Ferrarelle, il plastic free non ha senso, serve il riciclo. "Non esiste il "plastic free", parlarne non ha senso. Esiste invece un modo responsabile e sostenibile dal punto di vista ambientale per gestire il materiale in plastica che usiamo quotidianamente. Per questo Ferrarelle ha creato a Presenzano uno stabilimento che ricicla bottiglie in Pet e le riusa per l'imbottigliamento delle sue acque". Lo ha detto in una nota Michele Pontecorvo, vice-presidente di Ferrarelle. "Molte sezioni del Tar in ogni parte d'Italia - aggiunge - stanno annullando le ordinanze plastic free sulle spiagge, perché frutto di un'informazione fuorviante. Anche Jovanotti, nel suo 'Jova Beach party', ha detto chiaramente che parlare di plastic free è sbagliato, è fumo negli occhi; ci vorrebbero soluzioni per fare in modo che tutta la plastica che c'è venga riutilizzata o comunque smaltita con il rispetto dell'ambiente. Noi abbiamo optato per il recupero delle bottiglie in Pet, ma per legge possiamo usare per i nuovi contenitori solo il 50% di Pet riciclato, il resto deve essere plastica vergine. Auspichiamo che il Governo, come avviene in altri Paesi europei, porti questa soglia al 100%, anche perché il Pet è un polimero pregiato, che può essere riciclato all'infinito".

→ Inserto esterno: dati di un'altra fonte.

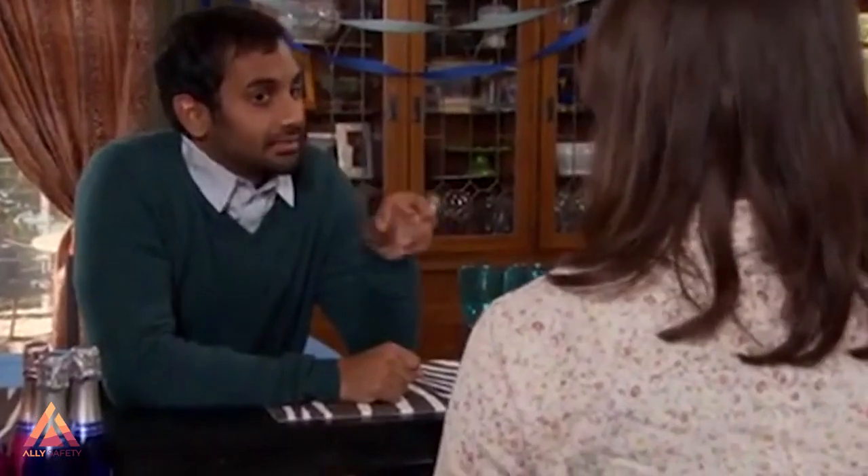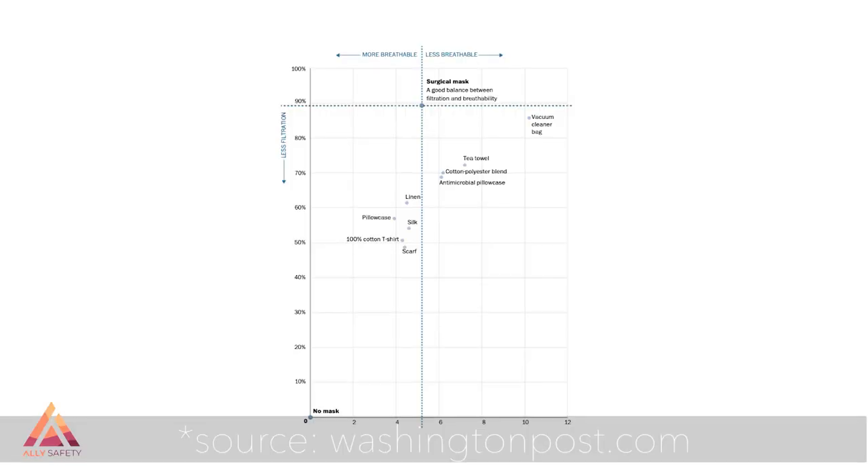Let's talk minimum acceptable thread count. Another option that tested well was using one layer of cotton and one layer of flannel together. If you're trying to come up with the best fabrics around the house to use, we've got some helpful tips on how to evaluate what you already have. In addition, this helpful table from Cambridge University listed the fabrics that they found had the best balance between filtration and stability.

Assessore, lidi e spiagge siano comunque plastic free. "Rivolgo un appello a tutti i gestori degli stabilimenti balneari e a tutti gli utenti degli stessi, che già al tempo avevano accolto con grande entusiasmo questa decisione della Regione Puglia, affinché si utilizzino da subito e il più possibile posate e stoviglie di materiale compostabile al posto di quelle di plastica che rappresentano un vero e proprio veleno per l'ambiente e l'ecosistema marino". Così l'assessore all'Ambiente della Regione Puglia, Gianni Stea, risponde all'ordinanza con cui il Tar Puglia ha sospeso l'ordinanza balneare della Regione proprio nella parte in cui ha imposto ai bar degli stabilimenti l'utilizzo di piatti, bicchieri e posate in materiali compostabili. "Le decisioni della magistratura non si commentano, si applicano e si fanno applicare, almeno fin quando l'intero corso della giustizia non sarà completato" dice l'assessore, che però auspica spiagge pugliesi 'plastic free'.